My friendship with some people began, particularly in the Yoga aspect of my life. My relationships with some close friends and family deepened to a critical level of honesty which I have not experienced before. An old school friend Wardy moved to Perth only recently and we have begun to build a regular ‘Walking Catch-Up’ routine. My plan is to eventually coax her in to hiking the Bibbulmun Track some time in the next few years (exciting!)
The Kid and I are having coffee regularly. Earlier in the year I persuaded her to buy a Nespresso machine and she thanks me by sharing her range with me, as I do with her. The Kid recently became engaged to her beau so I am seeing many future Nespresso’s shared over wedding preparations. You also may recall Walrus moved to Geraldton, so a lot more of my time is free now to strengthen these friendships and focus on Yoga and the potential people I meet on that journey. My time with Walrus was wonderful.

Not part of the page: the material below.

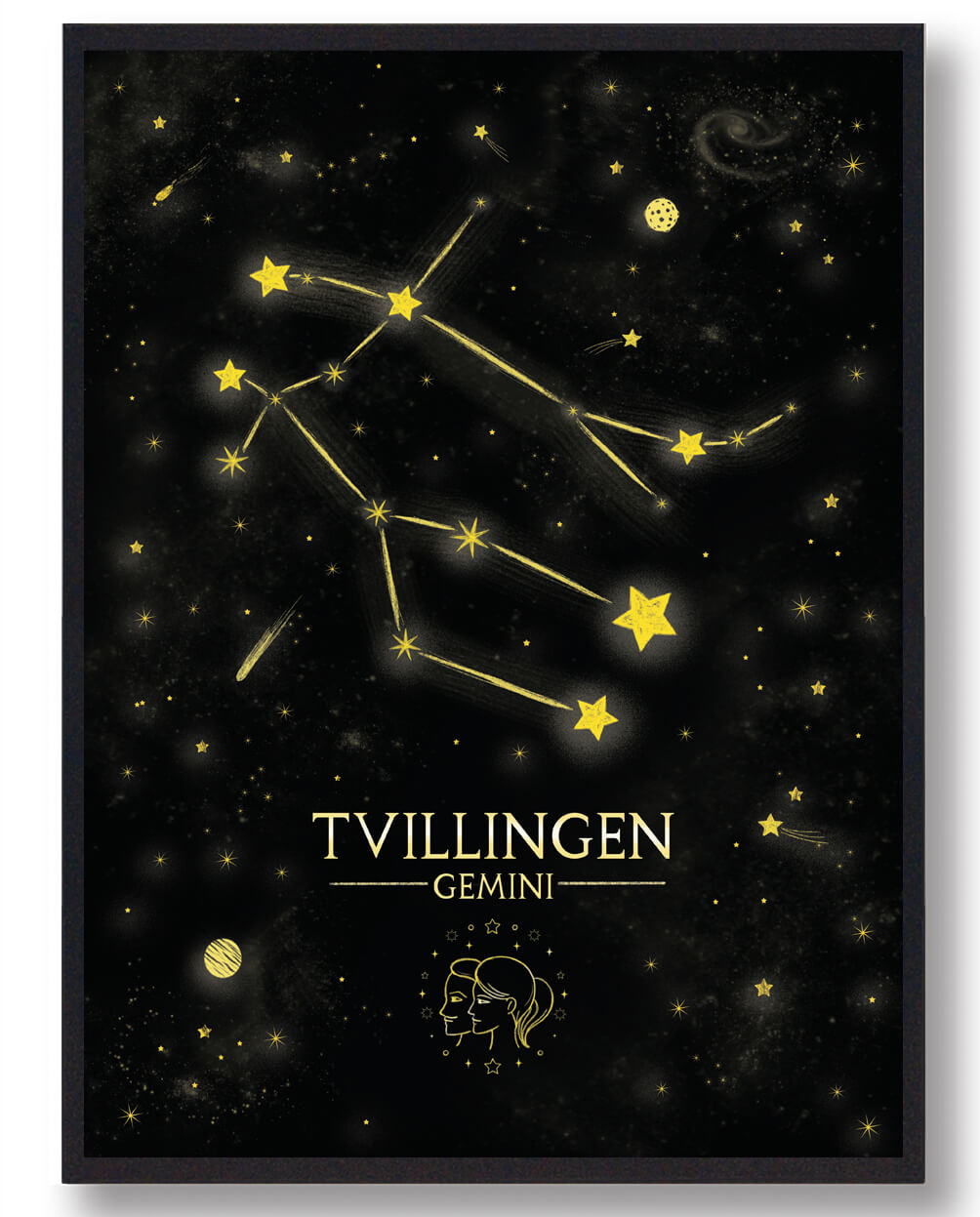 Stjernebillede Tvillingen Sort Håndtegnet Baggrund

It definitely had a deep effect on me this year and is a big part of what helped make the year memorable.
As far as work goes, I never thought that shipping was in my future. I always expected it to be a platform for me to rebuild who I was and discover my next life direction. I have been fortunate enough to find a passion and direction. The strength which I have built in myself this year through my work and personal life has helped me to leave my job, trusting in the universe and my empowerment to start me on what I expect to be an amazing new journey.
This journey is, as you know, based around Yoga and giving something to others. The strongest force of 2012 was that one that showed me how I feel about myself, everyone around me and what I can do to help the world. I do not want to hoard possessions and experiences to myself. I do not want to make a big fuss about my accomplishments, but be strong enough in myself to help others with their successes. I just want to help and share my smile and take joy in the little things in life, which cost so little but mean so much.
With Cinta’s passing I have felt heartache and loneliness. I have realised how much I relied on her and the comfort she gave me. I do not think I could ever fill her place with another. She was a soul mate for me and whilst I may not have her anymore, I know the amount of love I have within me, that I may share with another.
In all I wish 2012 farewell and open my arms wide to 2013. Let my journey begin.